Herb gardens may be purely functional, or they may include a blend of functional and ornamental plants. The herbs are usually used to flavour food in cooking, though they may also be used in other ways, such as discouraging pests, providing pleasant scents, or serving medicinal purposes (e.g., a physic garden), among others.
A kitchen garden can be created by planting different herbs in pots or containers, with the added benefit of mobility. Although not all herbs thrive in pots or containers, some herbs do better than others. Mint, is an example of herb that is advisable to keep in a container or it will take over the whole garden.
The culinary use of herbs may result in positive medical side-effects. In addition, plants grown within the garden are sometimes specifically targeted to cure common illnesses or maladies such as colds, headaches, or anxiety. During the medieval period, monks and nuns developed specialist medical knowledge and grew the necessary herbs in specialist gardens.
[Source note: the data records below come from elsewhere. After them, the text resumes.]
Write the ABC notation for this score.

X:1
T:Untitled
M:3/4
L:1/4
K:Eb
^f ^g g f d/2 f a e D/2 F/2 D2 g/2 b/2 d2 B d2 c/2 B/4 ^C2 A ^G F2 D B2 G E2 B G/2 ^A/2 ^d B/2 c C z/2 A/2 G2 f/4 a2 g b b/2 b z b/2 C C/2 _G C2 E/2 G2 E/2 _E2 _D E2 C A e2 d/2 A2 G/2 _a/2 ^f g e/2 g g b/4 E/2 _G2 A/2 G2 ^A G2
Now, especially due to the increase in popularity of alternative medicine, this usage is heavily increasing. Making a medicinal garden however, requires a great number of plants, one for each malady. Some popular culinary herbs in temperate climates are to a large extent still the same as in the medieval period.
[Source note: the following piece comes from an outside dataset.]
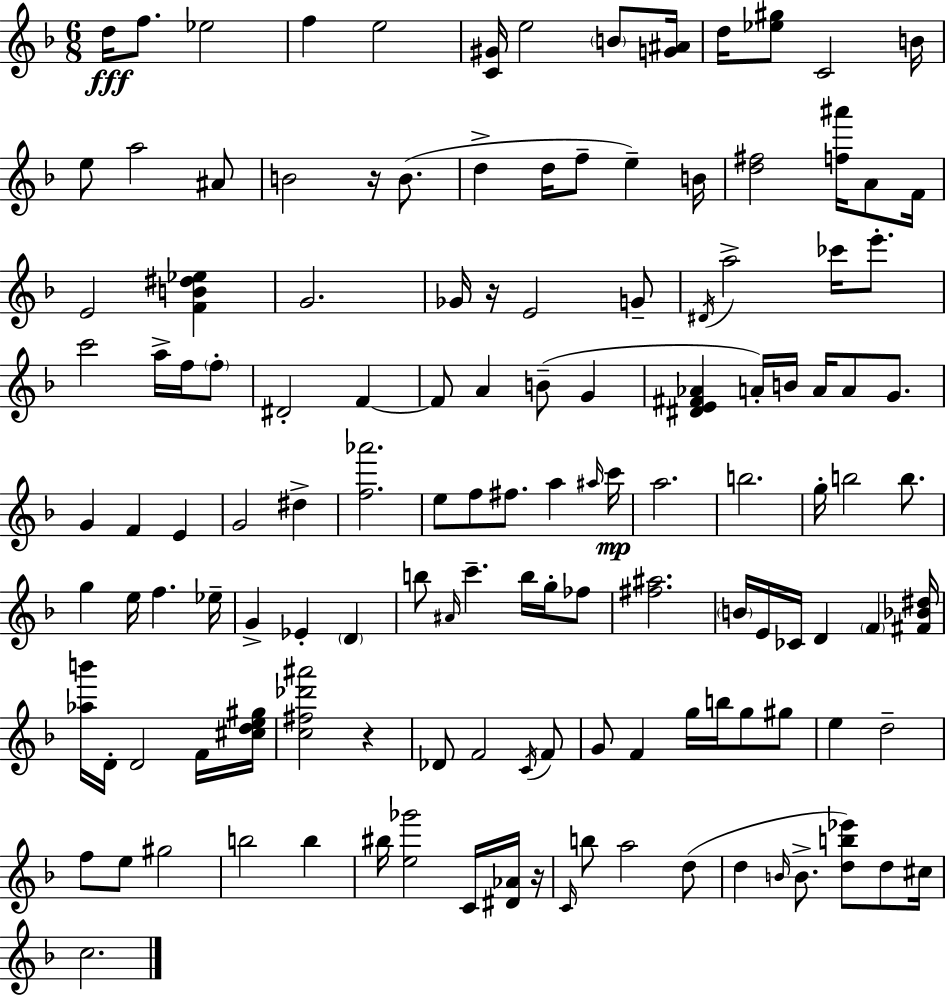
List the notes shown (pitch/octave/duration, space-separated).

Examples of herbs used for specific purposes (lists are examples only, and not intended to be complete):
i. Annual culinary herbs – basil, dill, summer savory
ii. Perennial culinary herbs – mint, rosemary, thyme, tarragon
iii. Herbs used for potpourri – lavender, lemon verbena
iv. Herbs used for tea – mint, lemon verbena, chamomile, bergamot, Hibiscus sabdariffa (for making karkade).
v. Herbs used for other purposes – stevia for sweetening, feverfew for pest control in the garden.
However, herbs often have multiple purposes. For example, mint may be used for cooking, tea, and pest control.